Now, if you went out and looked at the stars, if you got away from the city and got up to a mountain, maybe in the western part of the state, how many stars do you think you could count?  Well, I know it depends on your character, doesn’t it?  Some of you have a long attention span and some of you a little bit shorter.  Alright.  So, you’d get to about 100 and say, “Gee, that was fun.  What are we doing next?”  Okay, but others would stick with it, and they tell me I’ve never done it, being of the shorter attention span in this matter.  Okay, but they say you can count several thousand stars with the unaided eye.  Now, if you were looking and you could see the Milky Way, you would have a sense that there was more here than met the eye, right?

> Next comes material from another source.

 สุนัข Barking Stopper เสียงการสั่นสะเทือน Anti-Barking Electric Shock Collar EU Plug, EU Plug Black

I mean, yeah, I can see these distinct points of light, but there’s more here, isn’t there?  And, suppose your friend Galileo was standing next to you and said, “Here, try this,” and hands you, his telescope.  Oh boy, all of a sudden, a lot more stars, and you count and count and count and count, and you get up to the tens of thousands now.  But then there’s this same phenomenon, again, there are these hazy areas and you just can’t make it out, and so it goes, and so it goes, Mount Palomar, Hubble Space and we keep seeing the same thing.  It never ends.  We have no idea how many stars there are.  You know there is a lot, but you feel there might be more, and so it is also with the promises of God, “I don’t have any idea, God, what are you going to do in my life but I know it’s going to be glorious.”  And so, God used the stars to display His promise to Abram, “So shall your offspring be.”

Abram’s Justification by Faith Alone

Central Question of Our Existence:  How Can I be Saved?

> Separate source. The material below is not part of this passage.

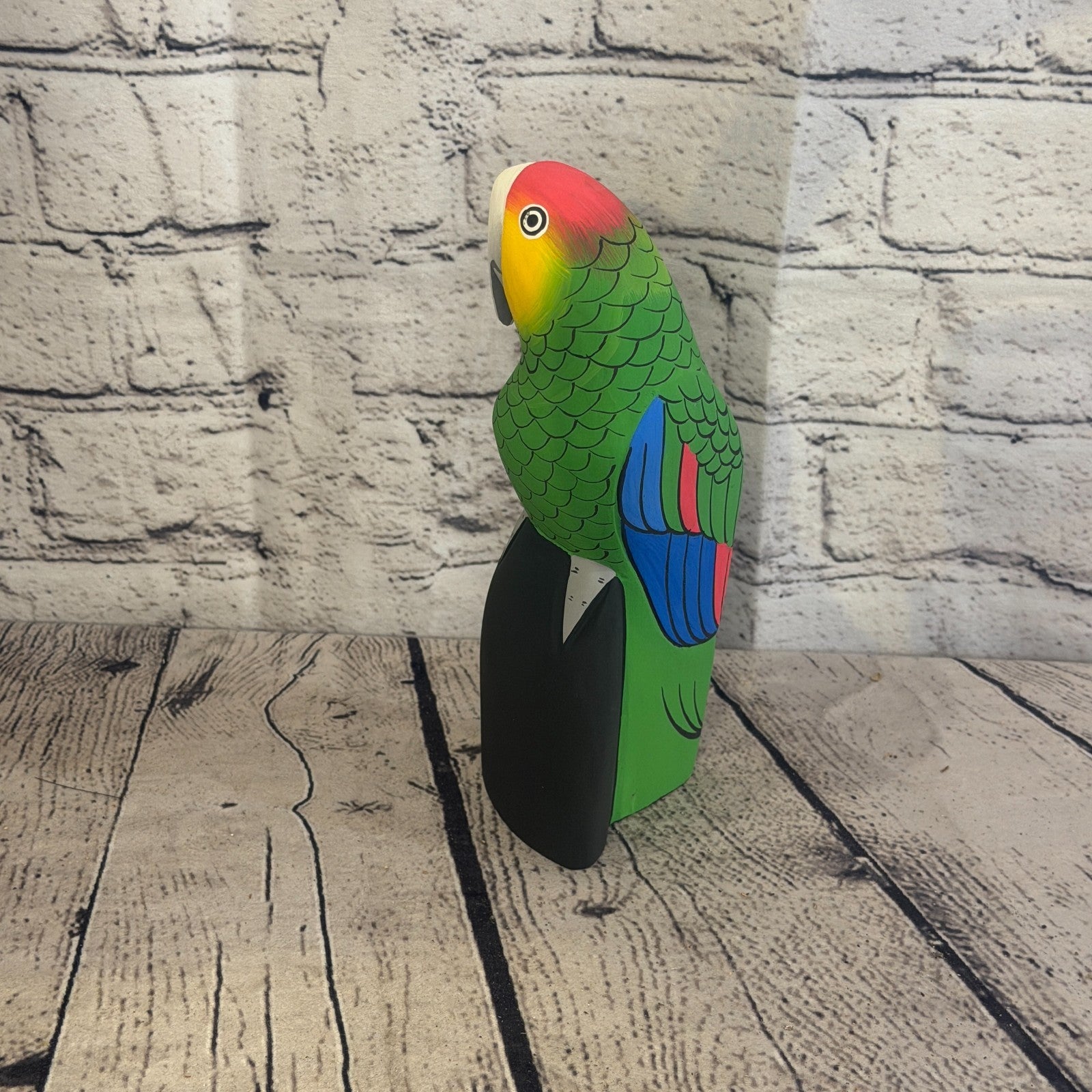 20cm Bright Green Parrot Bird Ornament Statue Fair Trade Hand Made Carved Wood3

And now, in Verse 6, we come to the pivotal moment of his eternal existence.  I’m talking about Abram.  It says, “Abram believed the Lord, and he credited it to him as righteousness.”  The central question of your existence is this.  You may not know it is, but it is, how can a wicked sinner stand righteous before a holy God?  That’s it.  Now, there are different ways to phrase it, but bottom line is, how can a sinner stand righteous before God on Judgment Day?  Does that question matter to you, does it make a difference to you how a sinner can stand holy and righteous before God on Judgment Day; if you’re a Christian, you better believe it matters to you.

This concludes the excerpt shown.